乳製品のアレルギーや過敏症はかなりよくあること。あなた自身はそうでなくても、乳製品が苦手な人が周りにいたりするでしょう。

「プロバイオティクス/プレバイオティクス国際科学協会」(ISAPP)の科学担当役員を務めるメアリー・エレン・サンダースさん(博士)によると、本当の「乳製品不耐性」は、ふたつタイプあるうちのひとつになります。「それは『乳糖(ラクトース)不耐症』と呼ばれ、乳製品に含まれる乳糖を消化するための酵素、『ラクターゼ』を十分に作れない場合です」

もうひとつのタイプが何かといえば、乳製品のたんぱく質に対するアレルギー。これは「成人ではとてもまれですが、子供のおよそ2%がこのアレルギーを持っています」(サンダースさん)。乳製品アレルギーは、下痢や腹痛からじんましんまで実にさまざまな反応を引き起こします。

乳糖不耐症の人(実は著者も)は、このようなアレルギー反応は出ません。乳糖不耐症の場合、乳製品に含まれる乳糖は未消化のまま大腸に送られます。そして腸内細菌によって代謝されて、下痢やさしこみ、膨満感、腸内ガスなどのありがたくない副作用が現れます。このような症状を避けるには、牛乳を飲まないこと。でも、チーズなどの乳製品が好きなら、プロバイオティクスが役に立つかもしれません。
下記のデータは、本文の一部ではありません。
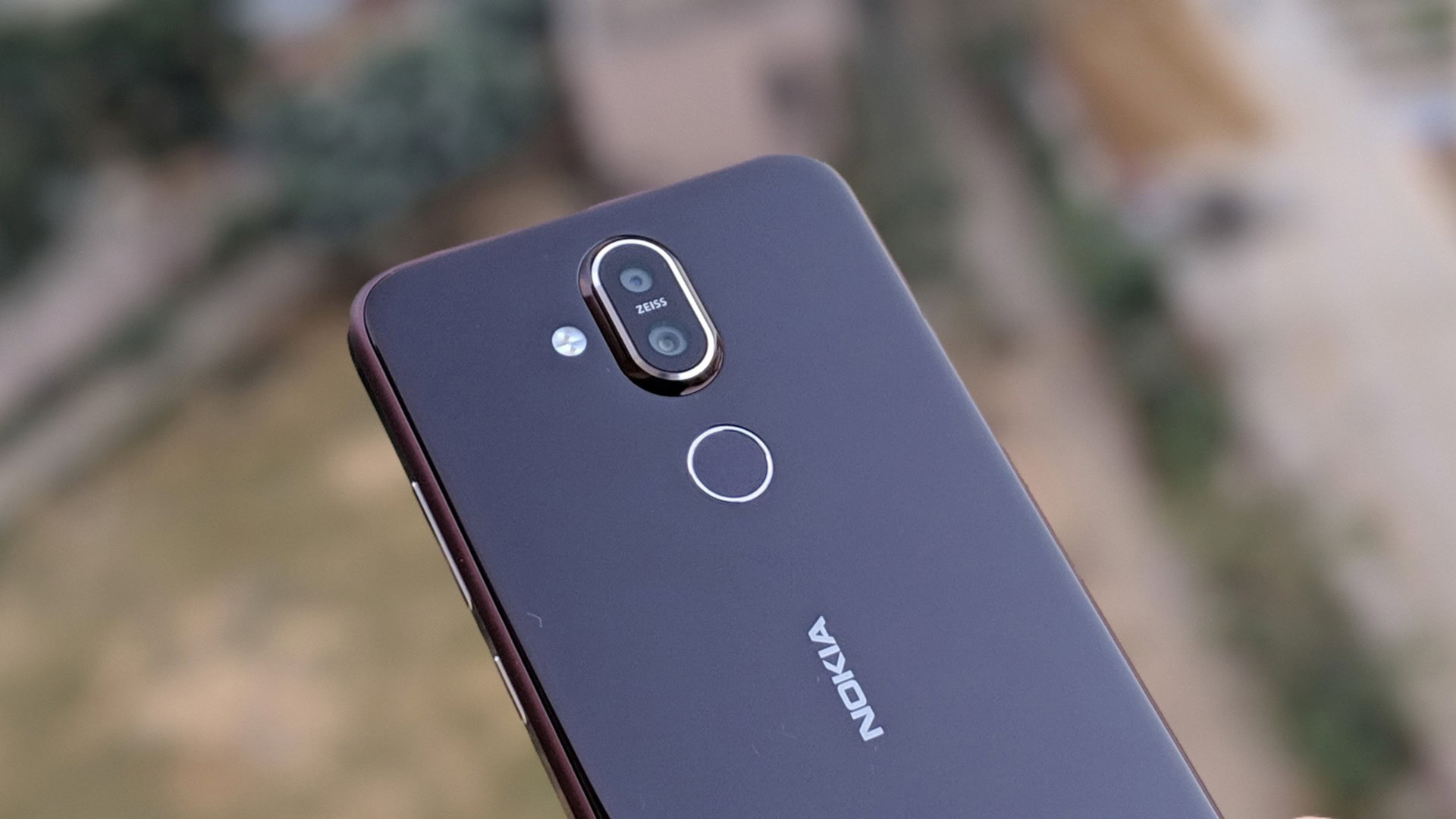 The Nokia 8.1 rear cameras and fingerprint scanner.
私はプロバイオティクスの食べ物や飲み物を摂りはじめて、身体が乳製品をずっとよく受け付けるようになったと実感しています。乳製品に神経質になる必要もなくなり、またピザまで食べているほど。変化は胃腸だけではありません。以前は牛乳を見ただけで肌にブツブツができたのに、今では乳製品を摂っても吹き出物とは無縁です。

プロバイオティクスを摂るとどうしてそうなるのか?

プロバイオティクスを使って、乳製品(ほかの食べ物でも!)に対する過敏症を和らげる効果があったのは、私だけではありません。証拠になるエピソードは至るところに。この効果を科学的に理解するため、プロバイオティクスサプリメントのメーカー「Just Thrive Probiotic & Antioxidant」の微生物学者で、主任科学担当役員のキラン・クリシュナンさんにお話を伺いました。
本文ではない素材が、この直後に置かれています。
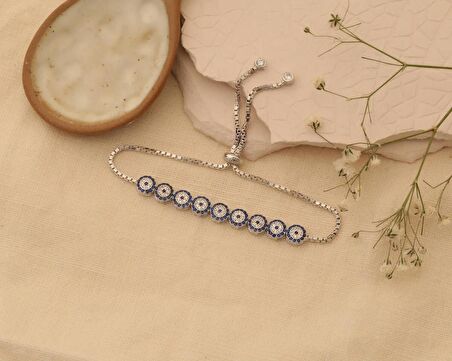 925 Ayar Gümüş Nazarlı Asansörlü Bileklik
最初に私が知りたかったこと、それはプロバイオティクスが実際に腸にどんなことをするのか。どうしてこの(今では私も大好きな)バクテリアは、消化を助ける最強の働き者なのか? クリシュナンさんによると、最初に知っておいてほしいのが、すべてのプロバイオティクスが消化管の中ではたらくわけではないということです。でも、消化管の中ではたらくタイプのプロバイオティクスは、いくつかの方法で消化を助けるのだそう。
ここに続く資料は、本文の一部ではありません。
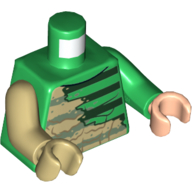 Lego Torso, Odd Arms and Hands, Sweater, Muscles, Dark Green Stripes, Tan Dirt on Right Side Print, Left Green Arm and Light Nougat Hand, Right Tan Arm and Hand / Green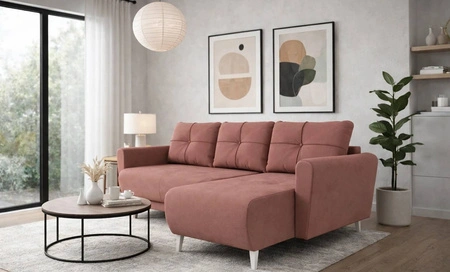 Ecksofa mit Schlaffunktion Felicie Lachsfarbe Universal Ecksofa stilvolles Design das in jede Einrichtung passt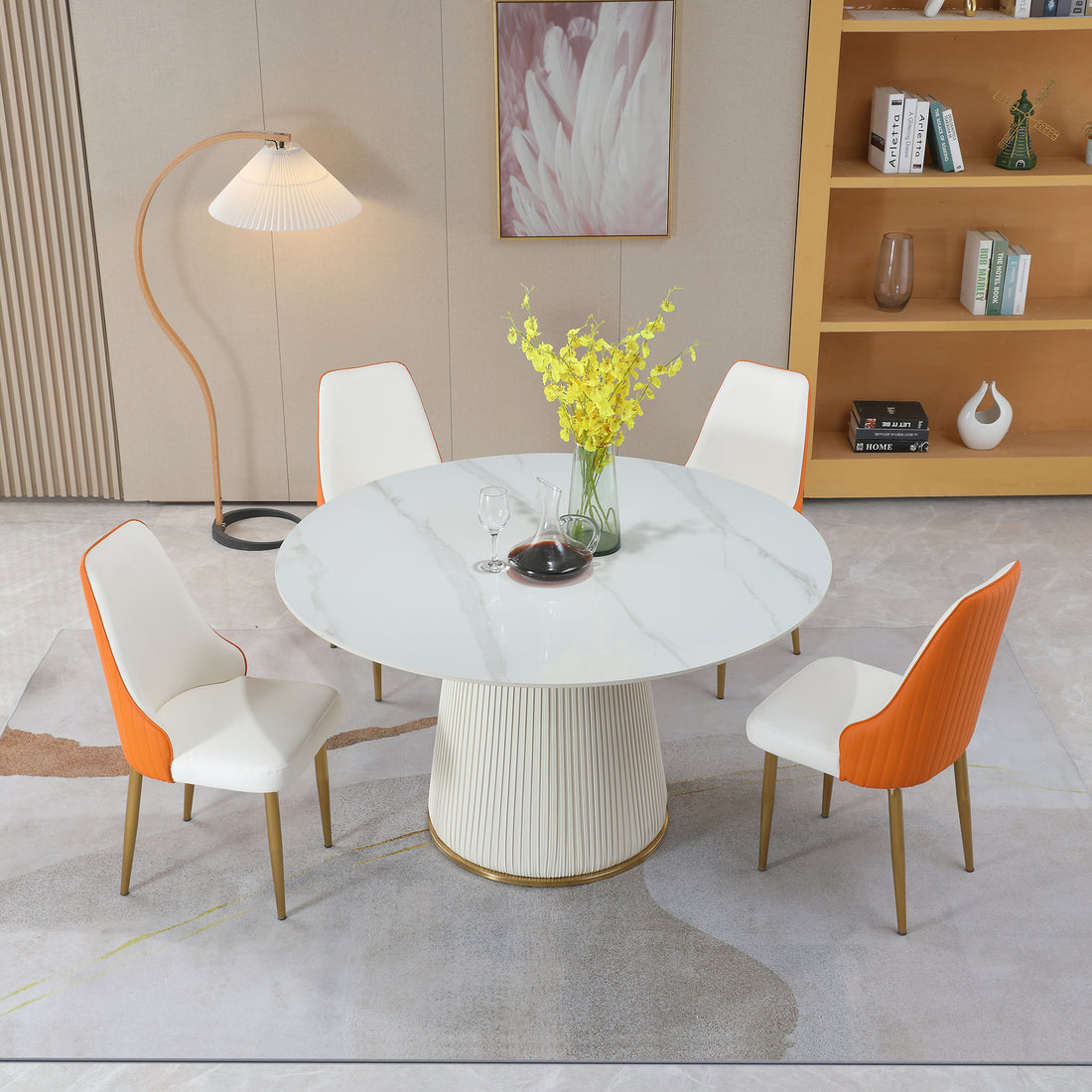 53 Inch Round Sintered Stone Carrara White Dining Table White Metal & Wood Metal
まず、プロバイオティクスは食べ物が消化管の中を進みやすくします、とクリシュナンさん。「腸の動きをよくするのです。これは食べ物が詰まったり、消化管から出てゆくのに長くかかりすぎたりして、腐敗しないようにするために大切です」。素晴らしい!同時にプロバイオティクスには、食べ物の分解と消化を助けて、食べ物に含まれる栄養分を吸収しやすくする働きも。

また、プロバイオティクスは消化の間に食べ物を変化させることもできます。クリシュナンさんは、食べ物をビタミンB類やほかの代謝物に変える例をあげてくれました。「これらの代謝物は、代謝を管理し、炎症を軽減し、脂肪の燃焼を高め、健康的な免疫系を保つうえで重要な役割を果たしています」。プロバイオティクスは、腸内ガスや膨満感のような消化に関連する問題も軽減。

乳糖への過敏症を和らげてくれる

基本的に、プロバイオティクスは腸全体をできるだけ最高の状態にするために役立っています。でも、乳製品不耐性の場合は?特に乳製品不耐性の人でプロバイオティクスがどのように作用するのかを調べた多数の人を対象にした科学的研究はありませんが、一般的なアレルギーに関する科学的な証拠ならあります。ある大規模な研究によると、プロバイオティクス食品を食べると、「アレルギーと喘息が大きく減った」とか。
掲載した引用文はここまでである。